The inner loop of hyperparameter optimisation (ADAM or SCG) calls evaluateEnergyAndGradient at each iteration, which triggers the full covariance matrix assembly, Cholesky decomposition, and gradient computation pipeline.

Optimizer loop (ADAM / SCG)
  |
  +-- evaluateEnergyAndGradient(w)
        |
        +-- setParameters(w)
        +-- evaluateEnergy(x, x_ind, y)
        |     +-- evaluateTrainingCovarianceMatrix
        |     |     +-- applyCovarianceFunction  (SexpatCF + ConstantCF)
        |     |     |     +-- dist_at / dist_at_vec  <-- distance computation
        |     |     |     +-- extractCoordinatesByIndex
        |     |     +-- LikGaussian::evaluateTrainingCovarianceMatrix  <-- diagonal noise
        |     +-- decomposeCovarianceMatrix  (Cholesky, O(N^3))
        |     +-- calculateMeanPrediction
        |
        +-- evaluateGradient(x, x_ind, y, gradient)
              +-- calculateGradientWithCovFunc  (SexpatCF)
              |     +-- Gradient::calculateDerivativesSameDim
              |     |     +-- calculateGradientBetweenMovingAtoms
              |     |     +-- calculateGradientBetweenMovingAndFrozenAtoms
              |     +-- Gradient::calculateDerivativesDiffDim
              +-- calculateGradientWithCovFunc  (ConstantCF)

Optimisation Techniques Applied¶

1. Pre-compute loop-invariant x2 quantities¶

In dist_at, dist_at_vec, and Gradient inner loops, the x2-dependent inverse distances are invariant across the outer n-loop (x1 observations). Pre-computing them into a std::vector<double> before the n-loop eliminates (n1-1) redundant coordinate extractions and norm computations per atom pair.
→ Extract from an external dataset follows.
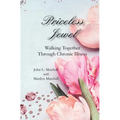 Priceless Jewel: Walking Together Through Chronic Illness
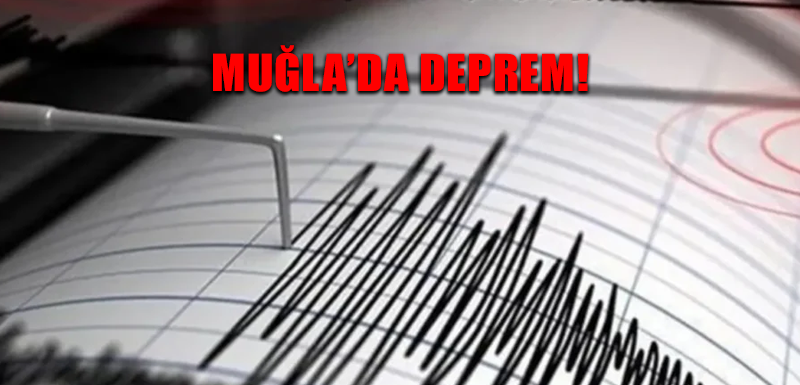 Muğla’da deprem!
Function	Before (per pair)	After (per pair)
dist_at	n1 * n2 norms	n1 + n2 norms
Gradient	n1 * n2 norms	n1 + n2 norms

2. Cache frozen atom positions¶

In dist_at, dist_at_vec, and dist_max1Dlog, frozen atom positions are extracted via gpr::coord::at(conf_info.atoms_froz_active.positions, 0, i) inside the (n, m) inner loop but are invariant. Hoisting them to the (j, i) loop level eliminates n1 * n2 redundant segment extractions per frozen atom pair.
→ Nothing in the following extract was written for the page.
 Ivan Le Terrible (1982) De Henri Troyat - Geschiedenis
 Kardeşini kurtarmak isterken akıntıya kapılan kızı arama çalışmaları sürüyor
3. Vectorize Eigen operations¶

Replaced scalar pointer loops with Eigen vectorised operations:

Before	After
`\*(data + i) = 0.` loop	`setZero()`
`\*(data + i) = val` loop	`setConstant(val)`
`C(i,i) = sigma2` loop	`C.diagonal().setConstant(sigma2)`
`sqrt(*(data + n))` loop	`Map<ArrayXd>(data, size).sqrt()`
Per-element matrix copy	`matrix.block(...) = source`

4. Reduce heap allocations in ADAM¶

The ADAM optimizer allocated m_hat, v_hat, and w_update vectors on every iteration (100–300 iterations typical). Pre-allocating them before the loop and converting moment updates to in-place operations eliminates 3 heap allocations per iteration.

// Before:
m = beta1 * m + (1 - beta1) * g;     // temporary + assignment
Eigen::VectorXd m_hat = m / (1 - beta1_t);  // heap allocation

// After:
m *= beta1;
m.noalias() += (1 - beta1) * g;      // in-place
m_hat.noalias() = m / (1 - beta1_t); // reuse pre-allocated storage

5. Hoist vectors outside gradient loops¶

In calculateGradientWithCovFunc, three std::vector<FieldMatrixd> were constructed fresh inside the per-dimension loop body. Moving them before the loop and calling .clear() each iteration avoids 3 * D vector constructions per gradient evaluation (D = 3 * N_mov= 6 for CuH2).

6. Eliminate redundant temporaries in ConstantCF¶

ConstantCF::ginput2/3/4 created a temp matrix, zeroed it with a scalar loop, then copied it into each DKff element. Replaced with direct DKff[i].setZero(). calculateCovarianceMatrix used a temp matrix filled via scalar loop then copied to C; replaced with C.setConstant(val).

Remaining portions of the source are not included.